Given records section start

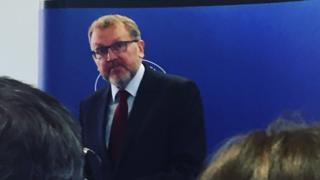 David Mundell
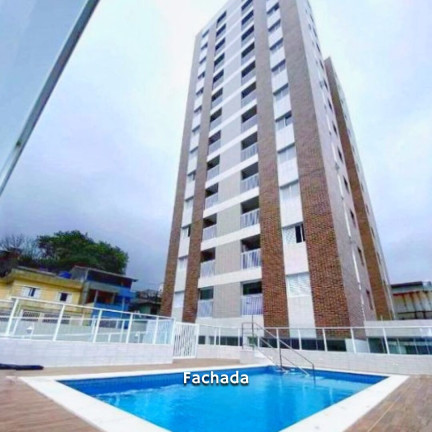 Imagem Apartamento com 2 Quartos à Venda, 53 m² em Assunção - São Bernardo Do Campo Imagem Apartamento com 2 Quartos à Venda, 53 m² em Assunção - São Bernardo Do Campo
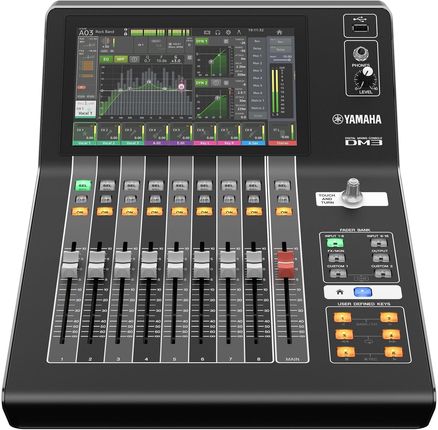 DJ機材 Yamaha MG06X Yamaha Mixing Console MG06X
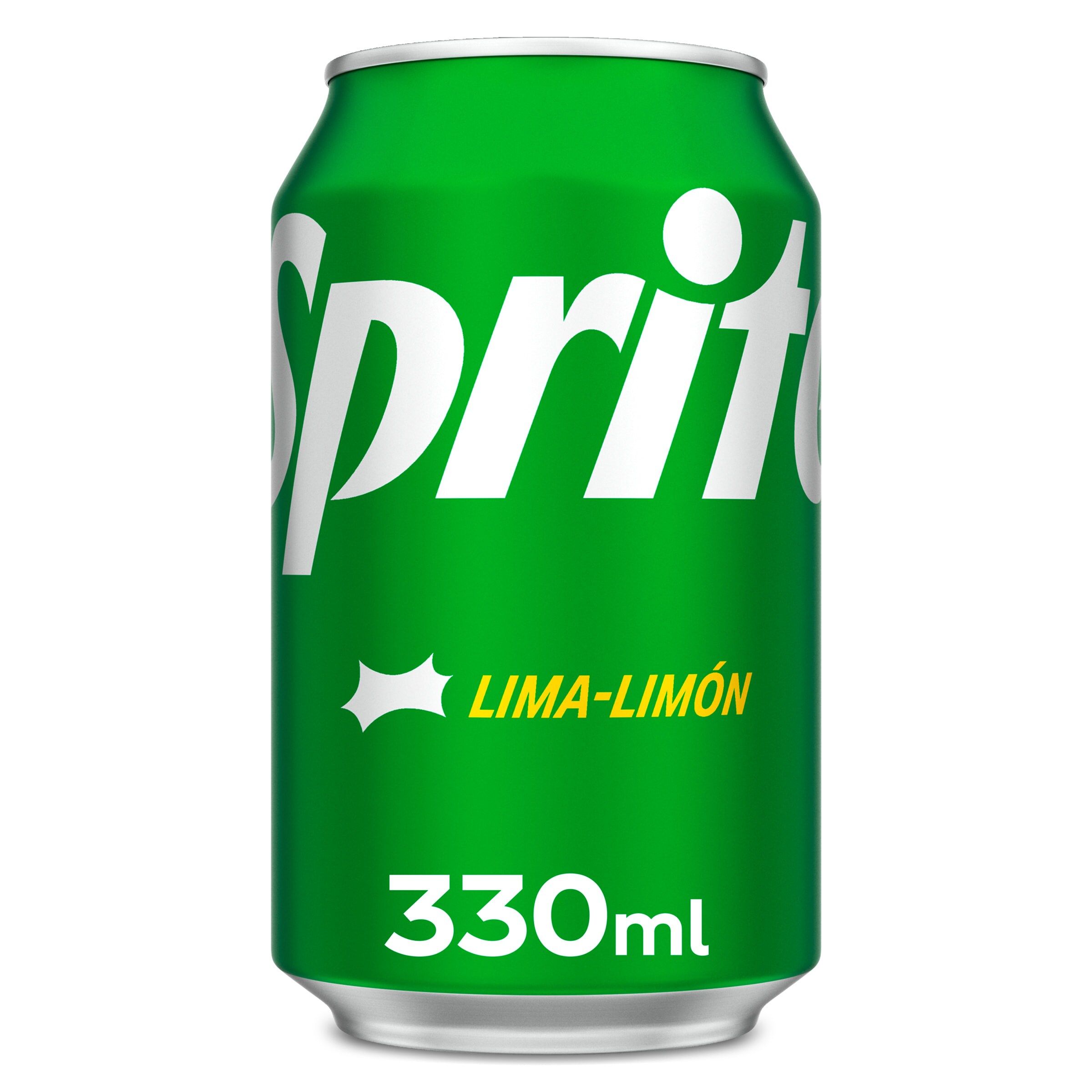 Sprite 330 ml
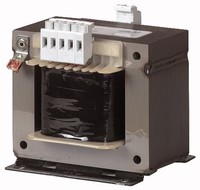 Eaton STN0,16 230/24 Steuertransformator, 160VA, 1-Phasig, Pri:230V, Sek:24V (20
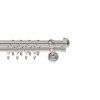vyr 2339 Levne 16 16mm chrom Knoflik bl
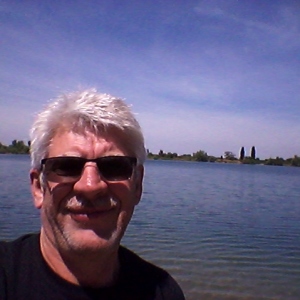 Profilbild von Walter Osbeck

Given records section end

■ Required action
Every line from the one with "Do Campo Imagem" through the end of the records is to be reproduced exactly, and the pictures are to be left out.

■ Exercise output
 Imagem Apartamento com 2 Quartos à Venda, 53 m² em Assunção - São Bernardo Do Campo Imagem Apartamento com 2 Quartos à Venda, 53 m² em Assunção - São Bernardo Do Campo
 DJ機材 Yamaha MG06X Yamaha Mixing Console MG06X
 Sprite 330 ml
 Eaton STN0,16 230/24 Steuertransformator, 160VA, 1-Phasig, Pri:230V, Sek:24V (20
vyr 2339 Levne 16 16mm chrom Knoflik bl
 Profilbild von Walter Osbeck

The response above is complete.